May 5, 2013: Getting Cultured

Garrett and Mark interpreting the sculptures
Today was the last day of our adventure (tomorrow is considered a travel day for me). We started our day sharing faith. I found a nearby Christian church. The irony was that after spending two days commenting on the large (humongous) sizes of the Texas churches, this one was small. A good fit for us and a great message.

I was given free reign on choice of our afternoon activities. I choose the Art District. The ever-planner, Garrett, wanted specifics on what we would be doing. I wanted to wing it. Given the amount of time consumed looking for parking and a lunch restaurant, some planning would have provided benefit. I will give Garrett that one. For future reference, the Art District spans nineteen city blocks.

We ultimately choose to park at the Dallas Museum of Art.
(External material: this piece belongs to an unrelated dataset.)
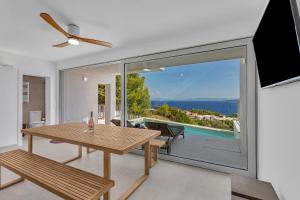 een eetkamer met een tafel en uitzicht op de oceaan bij Vista Divina - Semi Detached Vacation Homes by Irundo in Zavala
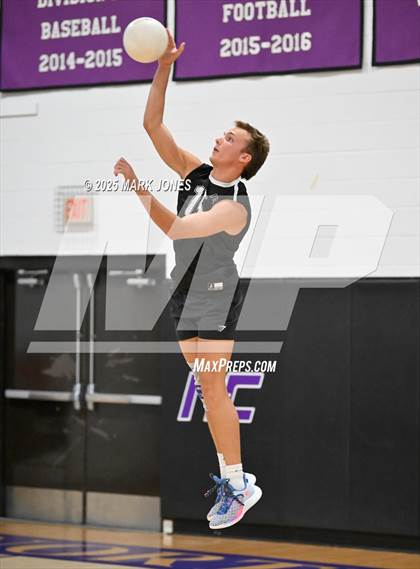 Thumbnail 1 in Northwest Christian vs. Seton Catholic (AIA 3A Semifinal) photogallery.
Our first stop was across the street at the Nasher Sculpture Center. After a rough start (passing Jason's Deli and Chipotle in route), a hungry Garrett was happy with our lunch dining choice of Wolfgang Puck's inside the Sculpture Center. We enjoyed dining outside and conversed on the strange looking sculptures awaiting us. What exactly were they?

As we followed our guided tour maps and read the descriptions, we felt a bit out of our element. The group of headless copper-cast people were to give the mob feel. The "blob" of iron...represents the industrial revolution. Of course. As we toured the entire facility and went on to the art museum, it was clear to me the differences in our three personalities and how our eyes saw things differently.

Mark is the craftsman. With every piece of art, particularly the sculptures and the art decor pieces, he admired the products used and the work that went into them. He would look for details that Garrett and I didn't see and would explain the effort necessary to obtain the affect achieved. I saw a saying in the art museum "a craftsman works for the final product, but an artist works with no end product in mind".

I have an strong artistic side, but am not a full-fledged artist. I don't look at the world as a craftsman, although I appreciated Mark's feedback on the workmanship. I admired and enjoyed most of the pieces on exhibit, but was equally confused on many; especially the contemporary. I find myself drawn to pieces of history and art work with a human element and the telling of a story.

Garrett is an engineer and technician. He was pretty much unimpressed and confused with much of the sculpture and some of the art; especially the contemporary. His common comment to me was "are you culturing me yet?" I wish I was a better guide, but mostly read off of the pamphlets handed to me.

I asked Garrett and Mark at the end if they enjoyed our afternoon of culture. Mark stayed silent. Garrett answered, "I appreciate you culturing me. But only once a year." Yes, Garrett, the annual coupon has been used.